Look, it was this or Lady In Red by Chris De Burgh, so you’ve got the (slightly) lesser of two evils here. Except, really, there’s nothing evil at all about this churning, thunderous, open-hearted STOMPER. Imagine, if you can, how it felt to be there way back when, before the present became the past, back when ecstasy was new and the world was in its infancy and there was just you and 5000 people wailing along to a celtic-folk record, your hearts fit to burst, your smiles so wide you thought they’d never end. Imagine. Imagine. Imagine.

Robert Palmer

Every Kinda People (Extended Remix)

Robert Palmer is an unlikely Balearic icon but then Balearic is unpredictable by its very nature. Possessing the kind of blue-eyed soul voice that suits everything from budget cruises to working men’s clubs and high-end yacht parties where the guests inhale mounds of cocaine from oyster shells, Palmer’s loucheness gives him that all important laid-back sensibility. This track is about as Balearic as it gets: synthetic Spanish guitar, mobile phone advert chill-out chirrups, a lazy pedalo ride of a bassline, and a shivering of calypso marimba.

Mandy Smith

I Just Can’t Wait (The Cool and Breezy Jazz Version)

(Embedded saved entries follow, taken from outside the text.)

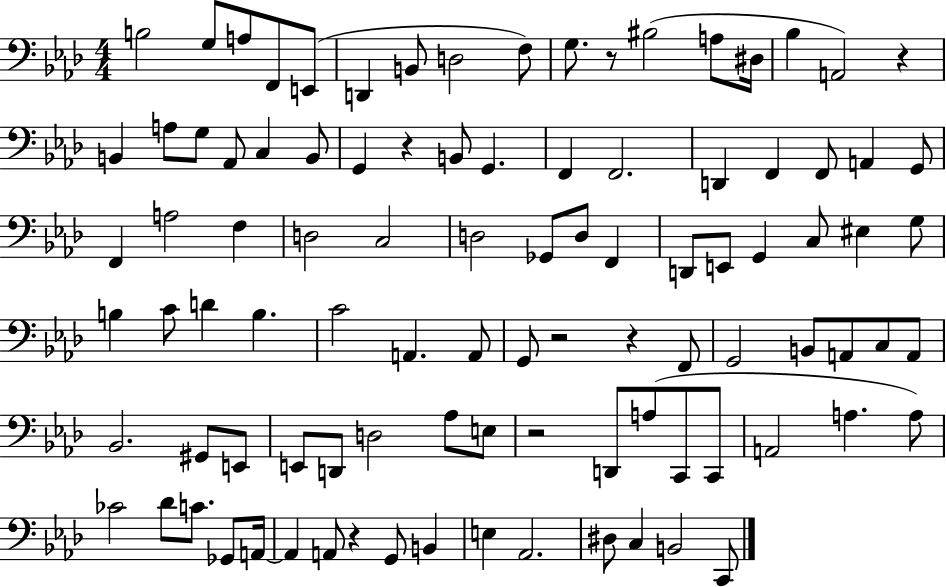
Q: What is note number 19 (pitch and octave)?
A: Ab2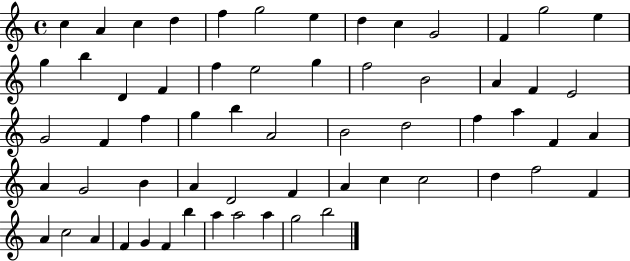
C5/q A4/q C5/q D5/q F5/q G5/h E5/q D5/q C5/q G4/h F4/q G5/h E5/q G5/q B5/q D4/q F4/q F5/q E5/h G5/q F5/h B4/h A4/q F4/q E4/h G4/h F4/q F5/q G5/q B5/q A4/h B4/h D5/h F5/q A5/q F4/q A4/q A4/q G4/h B4/q A4/q D4/h F4/q A4/q C5/q C5/h D5/q F5/h F4/q A4/q C5/h A4/q F4/q G4/q F4/q B5/q A5/q A5/h A5/q G5/h B5/h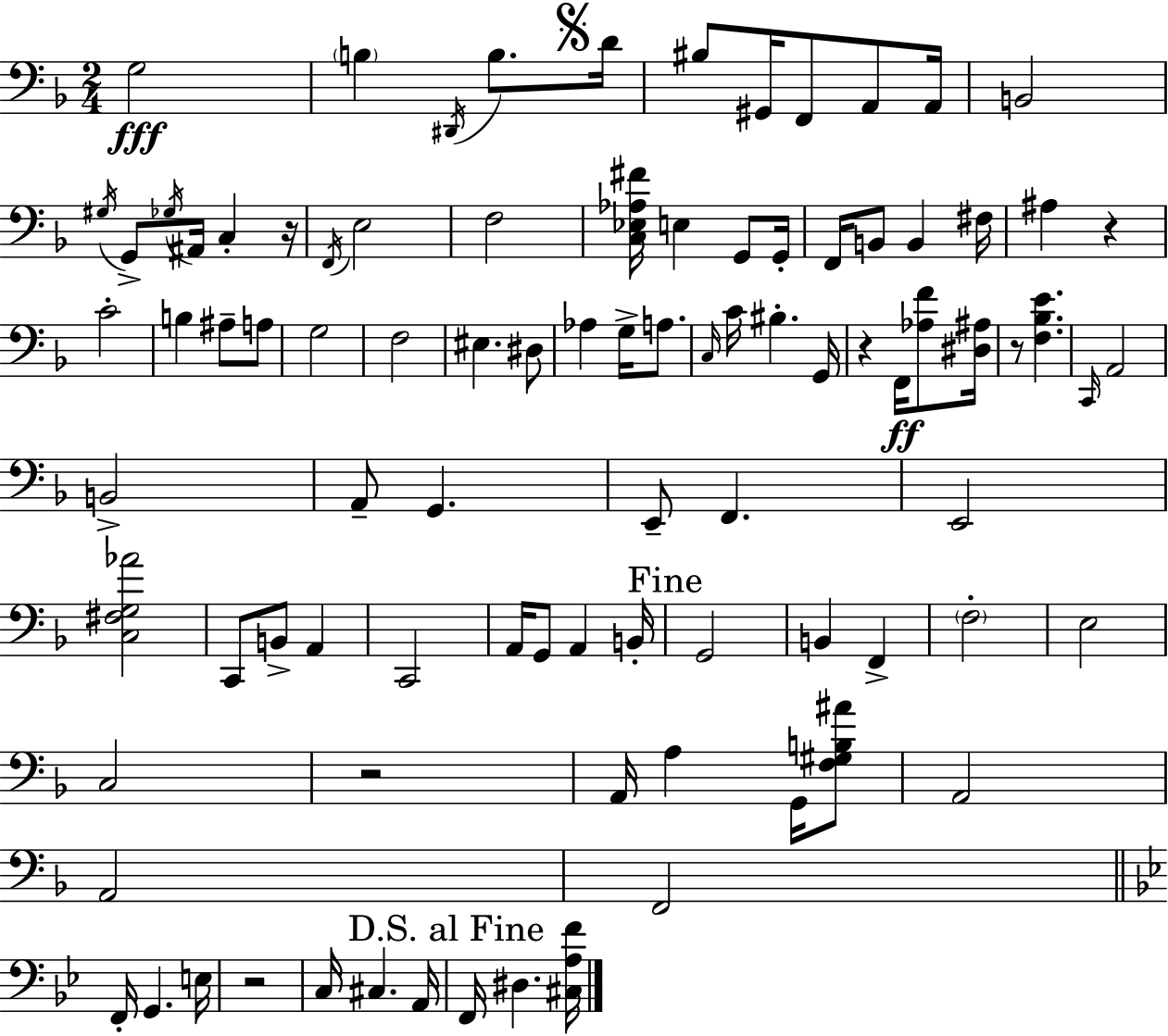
{
  \clef bass
  \numericTimeSignature
  \time 2/4
  \key d \minor
  \repeat volta 2 { g2\fff | \parenthesize b4 \acciaccatura { dis,16 } b8. | \mark \markup { \musicglyph "scripts.segno" } d'16 bis8 gis,16 f,8 a,8 | a,16 b,2 | \break \acciaccatura { gis16 } g,8-> \acciaccatura { ges16 } ais,16 c4-. | r16 \acciaccatura { f,16 } e2 | f2 | <c ees aes fis'>16 e4 | \break g,8 g,16-. f,16 b,8 b,4 | fis16 ais4 | r4 c'2-. | b4 | \break ais8-- a8 g2 | f2 | eis4. | dis8 aes4 | \break g16-> a8. \grace { c16 } c'16 bis4.-. | g,16 r4 | f,16\ff <aes f'>8 <dis ais>16 r8 <f bes e'>4. | \grace { c,16 } a,2 | \break b,2-> | a,8-- | g,4. e,8-- | f,4. e,2 | \break <c fis g aes'>2 | c,8 | b,8-> a,4 c,2 | a,16 g,8 | \break a,4 b,16-. \mark "Fine" g,2 | b,4 | f,4-> \parenthesize f2-. | e2 | \break c2 | r2 | a,16 a4 | g,16 <f gis b ais'>8 a,2 | \break a,2 | f,2 | \bar "||" \break \key bes \major f,16-. g,4. e16 | r2 | c16 cis4. a,16 | \mark "D.S. al Fine" f,16 dis4. <cis a f'>16 | \break } \bar "|."
}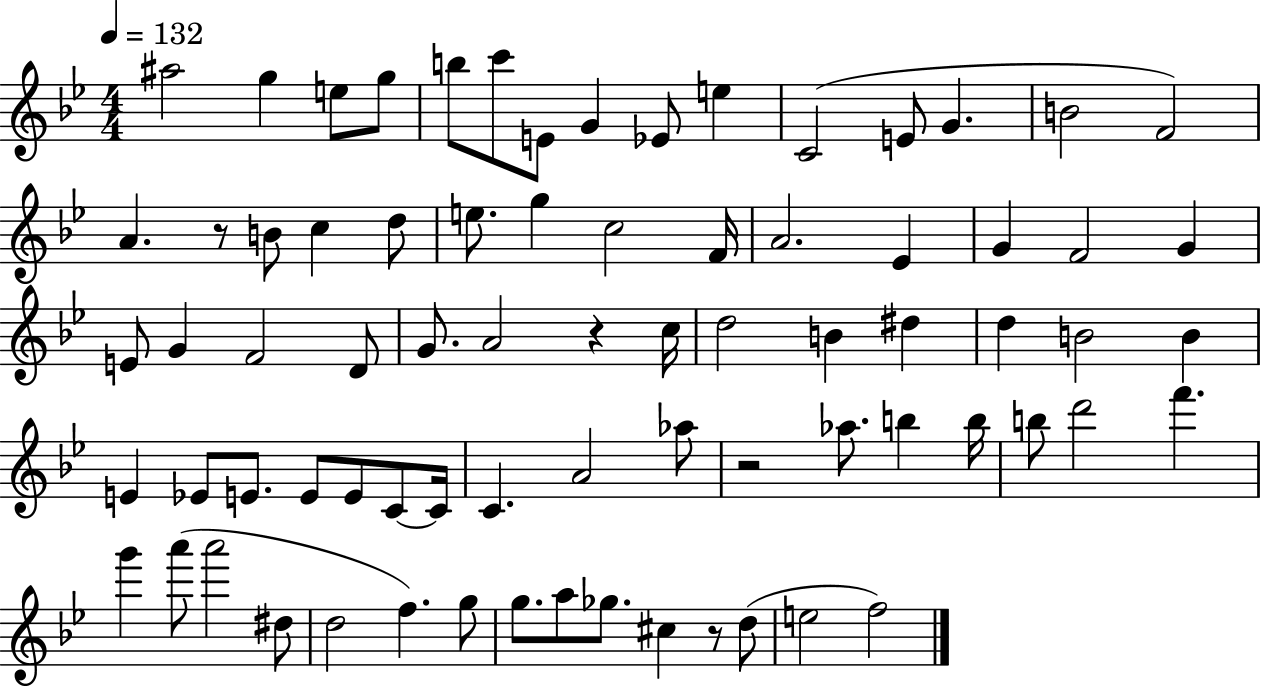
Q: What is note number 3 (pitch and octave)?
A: E5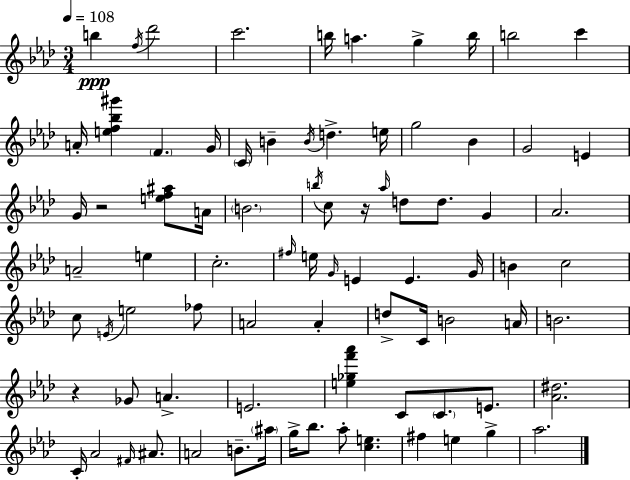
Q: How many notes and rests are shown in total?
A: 82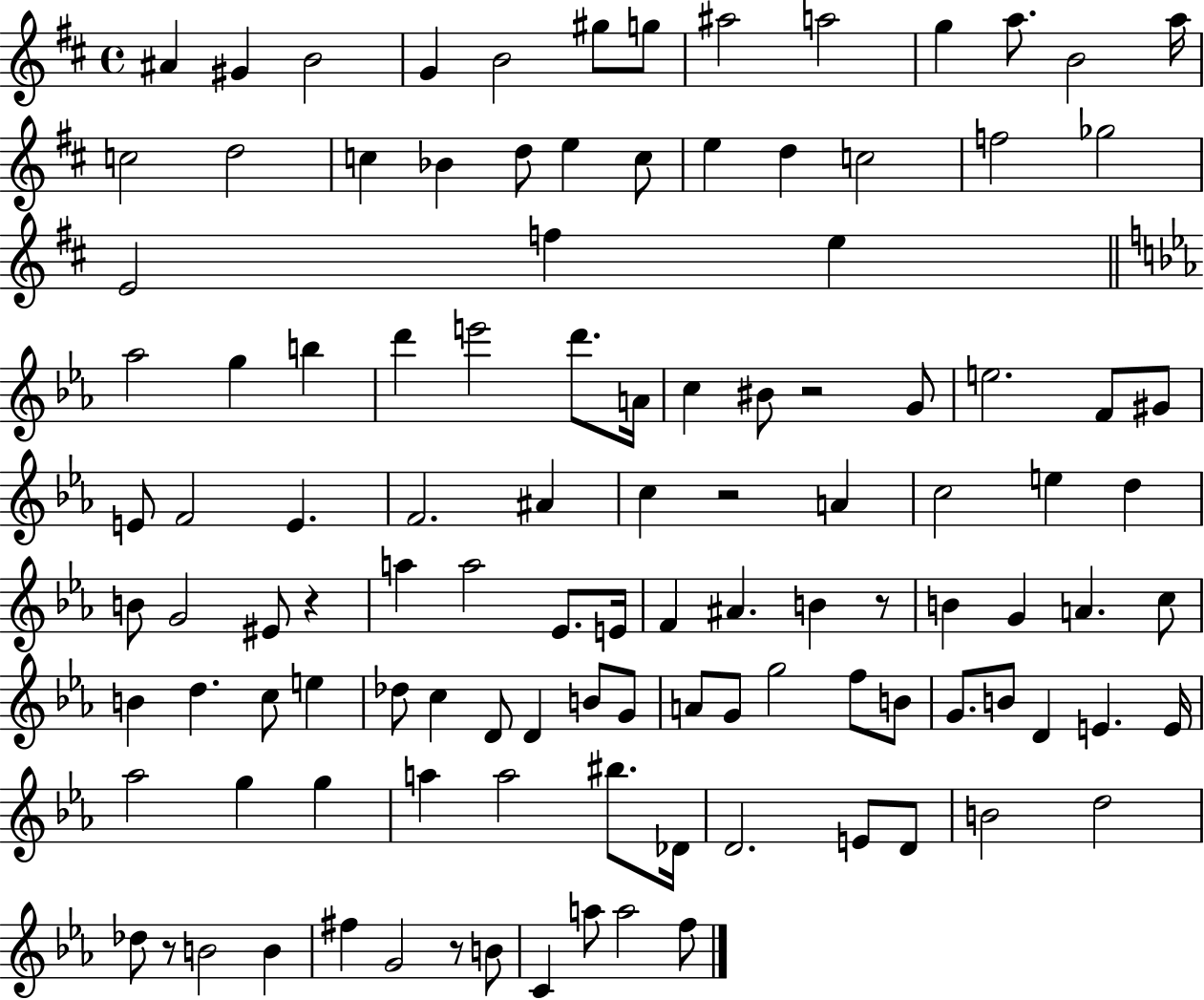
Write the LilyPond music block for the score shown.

{
  \clef treble
  \time 4/4
  \defaultTimeSignature
  \key d \major
  ais'4 gis'4 b'2 | g'4 b'2 gis''8 g''8 | ais''2 a''2 | g''4 a''8. b'2 a''16 | \break c''2 d''2 | c''4 bes'4 d''8 e''4 c''8 | e''4 d''4 c''2 | f''2 ges''2 | \break e'2 f''4 e''4 | \bar "||" \break \key c \minor aes''2 g''4 b''4 | d'''4 e'''2 d'''8. a'16 | c''4 bis'8 r2 g'8 | e''2. f'8 gis'8 | \break e'8 f'2 e'4. | f'2. ais'4 | c''4 r2 a'4 | c''2 e''4 d''4 | \break b'8 g'2 eis'8 r4 | a''4 a''2 ees'8. e'16 | f'4 ais'4. b'4 r8 | b'4 g'4 a'4. c''8 | \break b'4 d''4. c''8 e''4 | des''8 c''4 d'8 d'4 b'8 g'8 | a'8 g'8 g''2 f''8 b'8 | g'8. b'8 d'4 e'4. e'16 | \break aes''2 g''4 g''4 | a''4 a''2 bis''8. des'16 | d'2. e'8 d'8 | b'2 d''2 | \break des''8 r8 b'2 b'4 | fis''4 g'2 r8 b'8 | c'4 a''8 a''2 f''8 | \bar "|."
}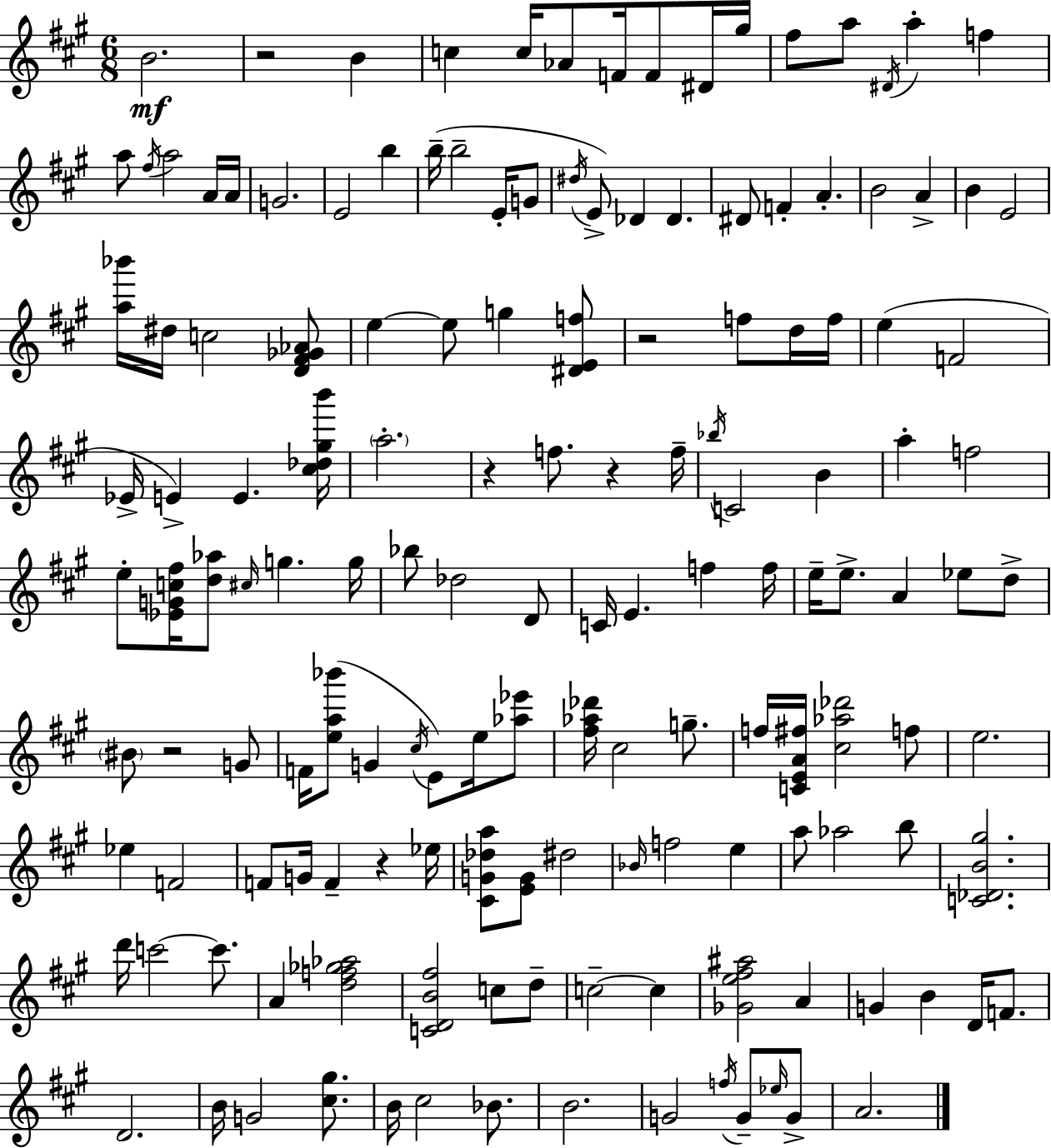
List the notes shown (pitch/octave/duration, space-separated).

B4/h. R/h B4/q C5/q C5/s Ab4/e F4/s F4/e D#4/s G#5/s F#5/e A5/e D#4/s A5/q F5/q A5/e F#5/s A5/h A4/s A4/s G4/h. E4/h B5/q B5/s B5/h E4/s G4/e D#5/s E4/e Db4/q Db4/q. D#4/e F4/q A4/q. B4/h A4/q B4/q E4/h [A5,Bb6]/s D#5/s C5/h [D4,F#4,Gb4,Ab4]/e E5/q E5/e G5/q [D#4,E4,F5]/e R/h F5/e D5/s F5/s E5/q F4/h Eb4/s E4/q E4/q. [C#5,Db5,G#5,B6]/s A5/h. R/q F5/e. R/q F5/s Bb5/s C4/h B4/q A5/q F5/h E5/e [Eb4,G4,C5,F#5]/s [D5,Ab5]/e C#5/s G5/q. G5/s Bb5/e Db5/h D4/e C4/s E4/q. F5/q F5/s E5/s E5/e. A4/q Eb5/e D5/e BIS4/e R/h G4/e F4/s [E5,A5,Bb6]/e G4/q C#5/s E4/e E5/s [Ab5,Eb6]/e [F#5,Ab5,Db6]/s C#5/h G5/e. F5/s [C4,E4,A4,F#5]/s [C#5,Ab5,Db6]/h F5/e E5/h. Eb5/q F4/h F4/e G4/s F4/q R/q Eb5/s [C#4,G4,Db5,A5]/e [E4,G4]/e D#5/h Bb4/s F5/h E5/q A5/e Ab5/h B5/e [C4,Db4,B4,G#5]/h. D6/s C6/h C6/e. A4/q [D5,F5,Gb5,Ab5]/h [C4,D4,B4,F#5]/h C5/e D5/e C5/h C5/q [Gb4,E5,F#5,A#5]/h A4/q G4/q B4/q D4/s F4/e. D4/h. B4/s G4/h [C#5,G#5]/e. B4/s C#5/h Bb4/e. B4/h. G4/h F5/s G4/e Eb5/s G4/e A4/h.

Featured on scene defining compilation Balearic Beats – Vol. 1, produced by Stock Aitken Waterman, played by pretty much every single DJ who’s ever navigated the puke and empty pint pots on the San Antonio strip, we’ll round off with this, an original first-wave Balearic masterpiece. Chunky piano chords, a yearning vocal and squealing Spanish guitars all add up to a thing of almost ineffable beauty. I Just Can’t Wait is a glossy, Vaseline-smudged, soft focus love letter to love itself, that’ll never, ever sound anything other than proof that sometimes mankind can get things right. File it alongside it A Bigger Splash and Fox and His Friends as a highlight of 20th century art.